The Fremont, Ohio, native, whose age could not immediately be determined, was at least in his 80s and had been in poor health.

Purdy published poetry, drawings, the plays “Children Is All” and “Enduring Zeal,” the novels “Mourners Below” and “Narrow Rooms,” and the collection “Moe’s Villa and Other Stories.”

Much of his work fell out of print; several books were reissued in recent years. In the spring, Ivan Dee will issue a collection of his plays.

Gore Vidal, Tennessee Williams and Dorothy Parker were among his fans, but Purdy won few awards and was little known to the general public.

He spent most of his latter years in a one-room Brooklyn walk-up apartment, bitterly outside what he called “the anesthetic, hypocritical, preppy and stagnant New York literary establishment.”

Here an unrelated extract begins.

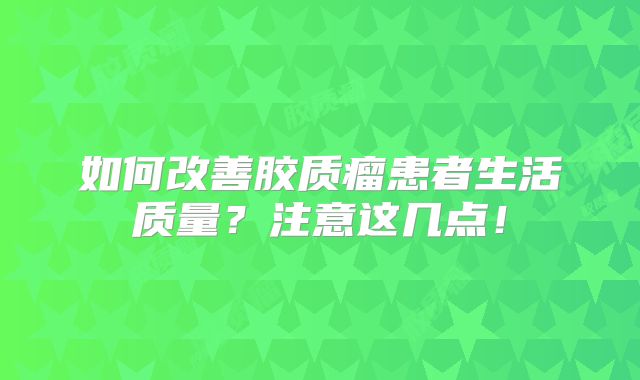 如何改善胶质瘤患者生活质量？注意这几点！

He was attacked for his “adolescent and distraught mind,” accused of writing “fifth-rate, avant-garde soap opera” and left out of the country’s official literary establishment — the American Academy of Arts and Letters.

He was also called a comic genius worthy of Voltaire and an outlaw, in the best sense, among his compromised peers.

Interviewed by The Associated Press in 2005, Purdy recalled being “exposed to everything” as a child, and his books revealed the most detailed awareness of sex, violence, race, class, familial cruelty and romantic longing.

His work was labeled “gothic” for its extremes of emotion and physicality, but in his own mind, there was no sensationalism, just the impulse to write what he knew.

“When you’re writing, at least in my case, you’re so occupied by the story and the characters that you have no interest in what people may think or whether I should write to please anyone,” he said.